D – La consistance des patrimoines
Celle-ci est difficile à apprécier, car selon les documents en présence et surtout l’intérêt personnel de chacun, nous oscillons ici entre le tout et le rien !!
Dans un acte de procédure, on apprend que Sébastien n’avait aucun bien lors de son premier mariage, ainsi noté dans le contrat ; son épouse, Urbaine Dubois apporta des effets « considérables » qu’elle avait recueillie de son premier mariage Tesson ; il sut en profiter et fit fortune dans le commerce ; ayant perdu sa femme, il continua de travailler avec succès ; à son second mariage en 1709, Rose Gomme n’avait par elle-même aucun bien, ainsi noté dans le contrat ; lui s’engageait à mettre 3 000 livres dans la communauté en argent et marchandises sans compter les meubles.
Pour les partisans de la veuve Gomme-Le Glay, Jeanne Le Glay est née sans bien ; sa mère donna à Sébastien Le Glay, père commun, plus de dettes que d’effets, leur communauté ne durant que deux ans … Allant dans le même sens, pour les deux frères Duboys, les droits de Jeanne Le Glay dans la succession de sa mère auraient été de seulement 268 livres … Par la suite, la succession de Sébastien Le Glay son mari était quasiment vide ; l’inventaire de 1710 ressortait à 1 600 livres, mais celui-ci aurait été « infidèle » … Puis, au décès, en 1725, le sommaire de l’inventaire se monte à près de 60 000 livres, mais lui aussi aurait été « incomplet », et cela de deux manières avec des biens inventoriés mais non comptabilisés et surtout de nombreux biens « volatilisés » …
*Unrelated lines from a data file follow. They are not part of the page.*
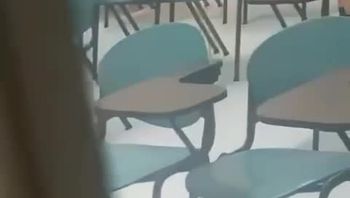 偷拍 香港城市大学 教学楼男女同学掀裙忘我扣下体自嗨事件 - 私房ACG - sifacg.com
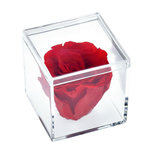 SC CRYSTAL Ecrin décoré d'une rose éternelle stabilisée - rouge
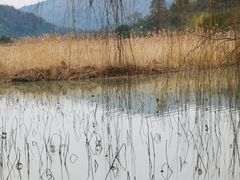 -南北湖风景区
Les avocats relèvent les paradoxes :
- Comment s’être engagé en 1709 à verser 3 000 livres alors que l’inventaire de 1710 ne révélait que 1 600 livres !
- Est-il vraisemblable que Sébastien Le Glay n’eut rien en 1710 et qu’il soit mort riche en 1725 !
Rose Gomme, au mépris de son régime matrimonial de communauté dans les acquêts, déclare même que la richesse provient d’elle seule, du fruit de son travail, du commerce maritime géré par elle et procuré par sa famille ; elle se disait elle-même négociante ; elle ajoute encore : « il est constant qu’un poislier ne peut point faire fortune par le travail de ses mains ! »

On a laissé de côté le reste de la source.